Order Of Worship (Liturgy)

Ps 89:1,3
Hy 8 (after Nicene Creed)
Reading - Job 9; Hebrews 7:23-28
Ps 118:6,7,8
Sermon - Lord s Day 6
Hy 42:1,2,3,6
Hy 25:2,5,6,7
* As a matter of courtesy please advise Dr. Reuben Bredenhof, if you plan to use this sermon in a worship service.   Thank-you.

Dear brothers and sisters, when you need help, whom do you call? "That depends," you say, "on the kind of thing I need help with." If I need help moving my fridge, I will call a couple able-bodied friends. If I need assistance with my poorly-running car, I will call a licensed mechanic. If I need financial advice, I will call my banker. When confronted with a challenge – and when we finally admit we need help – we turn to one who is qualified to assist us: qualified by education or training, qualified by physical strength, or qualified by experience. In times of need, we must turn to one who is able to help.
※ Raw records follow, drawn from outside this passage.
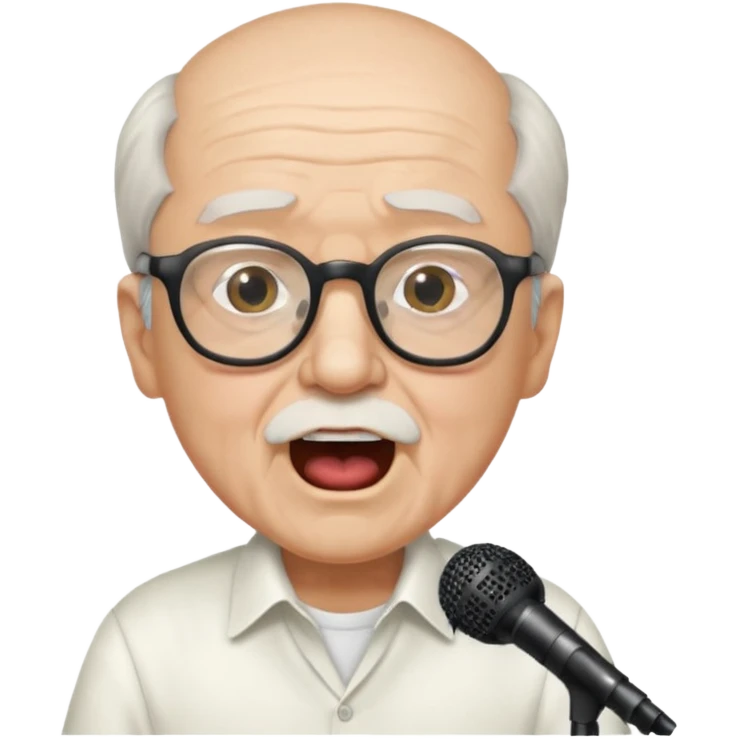 singer, Old man, singing to mic, white shirt glasses emoji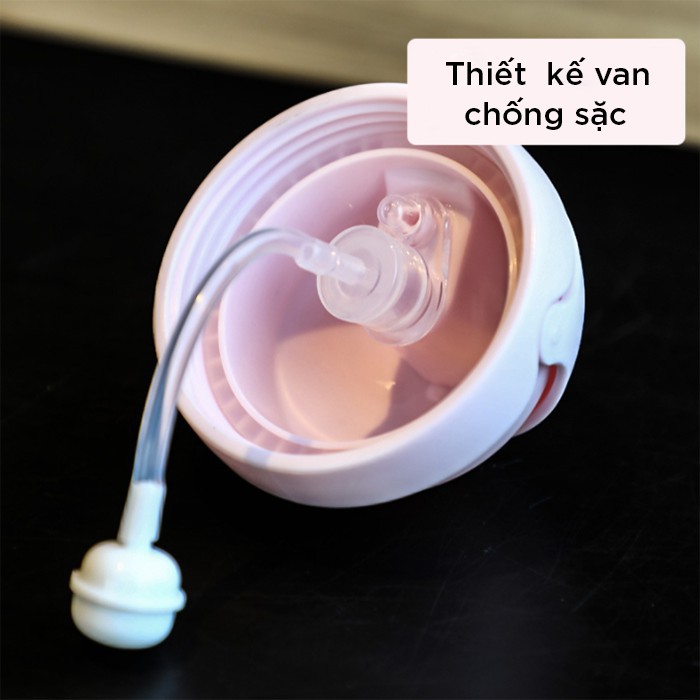 Bình uống nước cho bé có ống hút chống sặc kèm quai đeo kiểu Hàn Quốc RUKAMO BN02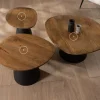 Meuble House Ensemble de 3 tables basses en bois et métal formes galets naturels "Daun" Sale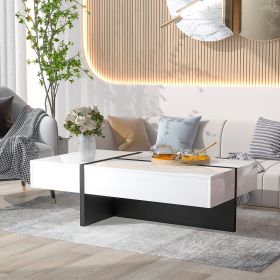 Contemporary Rectangle High Gloss Surface Coffee Table, Center Table for Sofa or Upholstered Chairs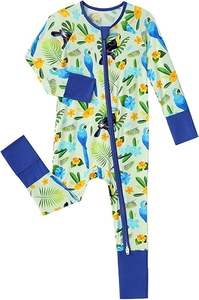 Pijamas <span class=keywords><strong>de</strong></span> Fibra <span class=keywords><strong>de</strong></span> Bambú para Bebés Niños y Niñas, Recién Nacidos Prematuros, con Cierre YKK Bidireccional, Estampado Animal, Ropa Casual <span class=keywords><strong>de</strong></span> Otoño - Product Image 4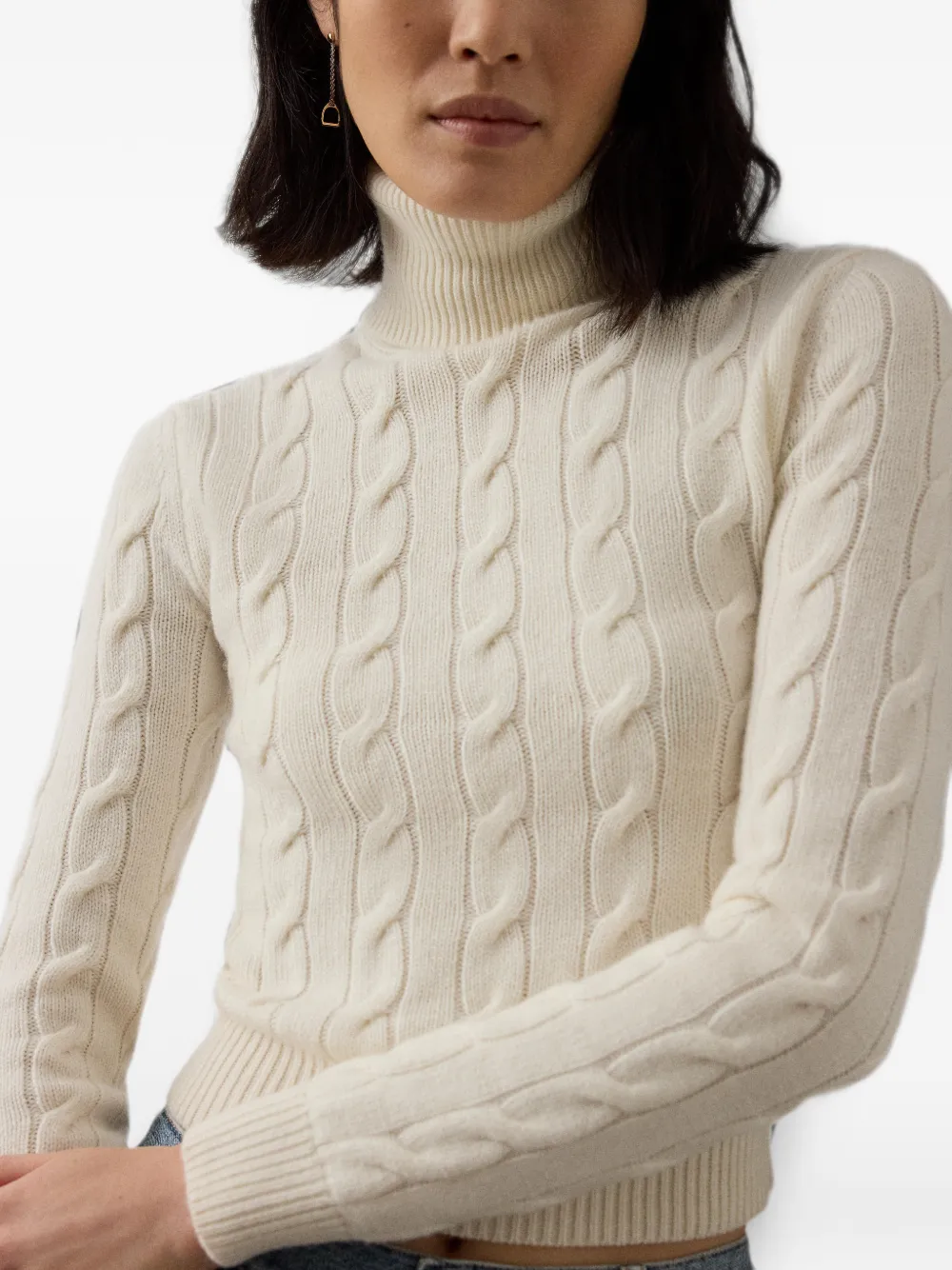 Ralph Lauren Collection Kabelgebreide coltrui Beige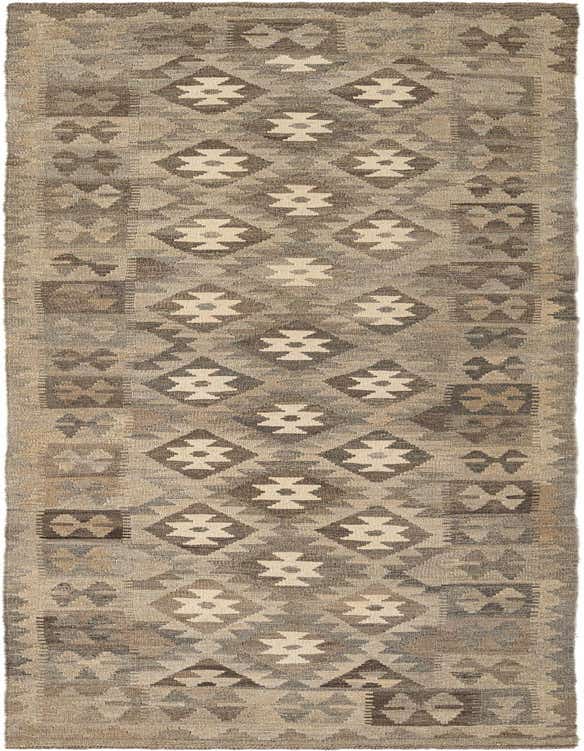 A 10 ft runner rug in shades of gray and silver with a tribal geometric pattern, perfect for a hallway.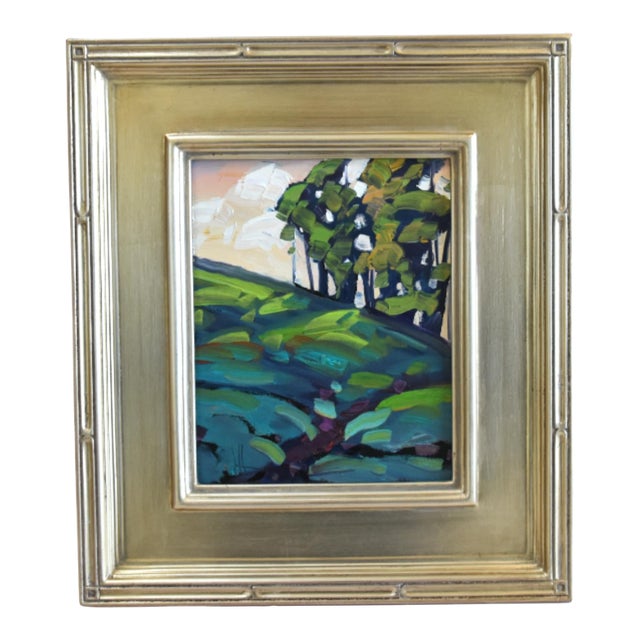 Original William Hawkins Mountain Landscape Oil Painting Including the Antiqued Silver Wood Frame For Sale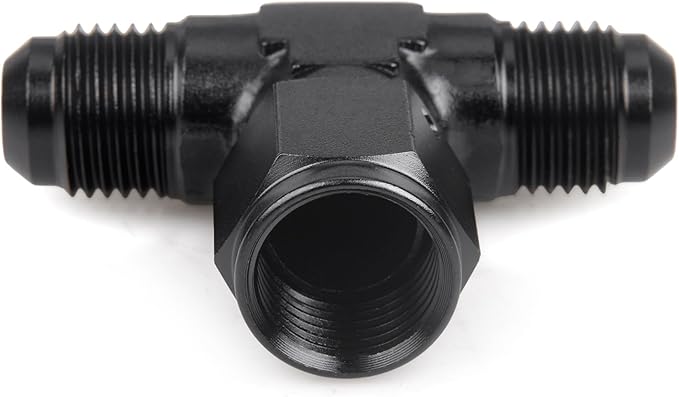 6AN Male Tee Fitting Adapter with AN6 Female Swivel on Side Aluminum 2Pcs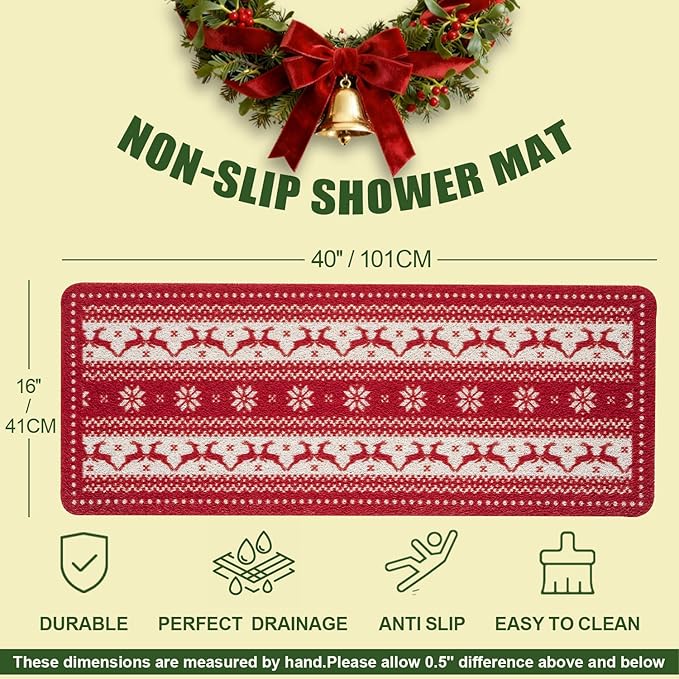 Hargiis Christmas Non-Slip Bathtub Mat, Anti Slip Shower Mat, Fast Drying Bathtub Mats, Foot Scrubber Mat, Anti Slip Mat for Tub, Floor, Bathroom, Kitchen, Home, Hotel (Reindeer Snowflake, 40"x16")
And such is also the case with our salvation. When we look at Lord’s Day 5, we try to count the high cost of deliverance. We try, for remember the disturbing truth of Ps 49: "The ransom for a life is costly, no [human-provided!] payment is ever enough – that [a man] should live.. forever and not see decay" (vv 8-9). Yes, full payment (eternal punishment and eternal perfection) is needed, and so many payers are excluded. To whom then can we turn for effective help in our deliverance from sin? Who is qualified to save?

In their search for someone able to make the ransom to God, the sons of Korah (in Ps 49) desperately conclude: "No payment is ever enough!" In a similar way Job also became frantic in his longing for a mediator between him and the LORD.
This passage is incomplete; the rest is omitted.